Our day was ending in Coatbridge a town that grew out of the steel making industry, and here’s something I didn’t know, when that industry declined, many of the steel workers headed south and found work in Corby. Much is made of the Northamptonshire’s towns Scottish flavour, when you could be more precise and say the flavour is in fact from Coatbridge.
As an outsider to the Scottish game, nevertheless I do get the impression that relegation from the SPFL has been a good thing on balance. I’d seen The Wee Rovers in happier times, in a play-off game in 2012 but unquestionably relegation to the Lowland League for this season has badly hurt Albion Rovers. So much so the emphasis is on keeping the club alive, and an acceptance that next season the players will be on expenses only.

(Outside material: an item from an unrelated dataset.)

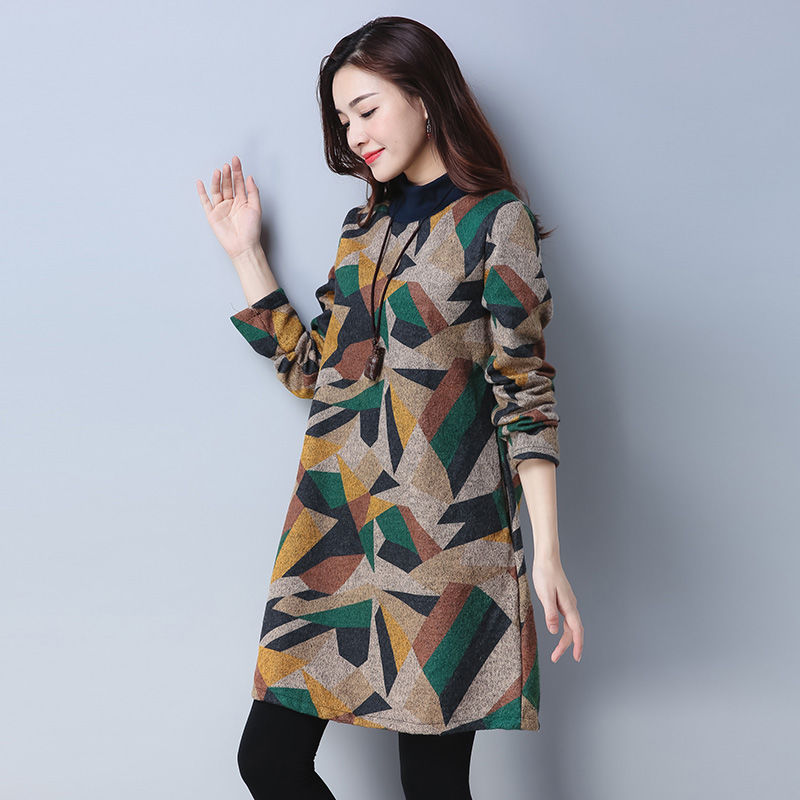 羽绒服要哭了，如今流行穿“夹棉”装，保暖又不笨重，女人味又足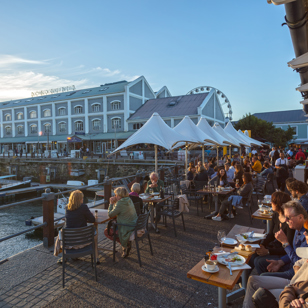 ...hvor I bl.a. kan hygge jer og spise godt og billigt på havnen.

Meanwhile having GroundhopUK come to town, at least added up to a bumper crowd, and they hosted extremely well. We were privileged and humbled in equal measure to be invited into the boardroom at half time, to learn all about how this was the club that had Jock Stein play for them 236 times before being the first manager from the British Isles to win a major European cup, Celtic winning the European Cup in Lisbon in 1967. I must admit Robyn and I completely forgot that we’d actually been to the site of Stein’s triumph, Estádio Nacional!
There was a quiet dignity about the folks in that boardroom, and I regretted that I only had 15-or-so minutes in their company. I opted to spend the second half on the little terrace behind the goal that didn’t exist 13 years previously. I watched one of the better nil-nil draws I’ve seen, and gazed upon the old-school loveliness that is Cliftonhill.
I hope us being there helped them, and that both the club and ground can survive. As one of my photos says, “The fans are the club” and they deserve nothing less.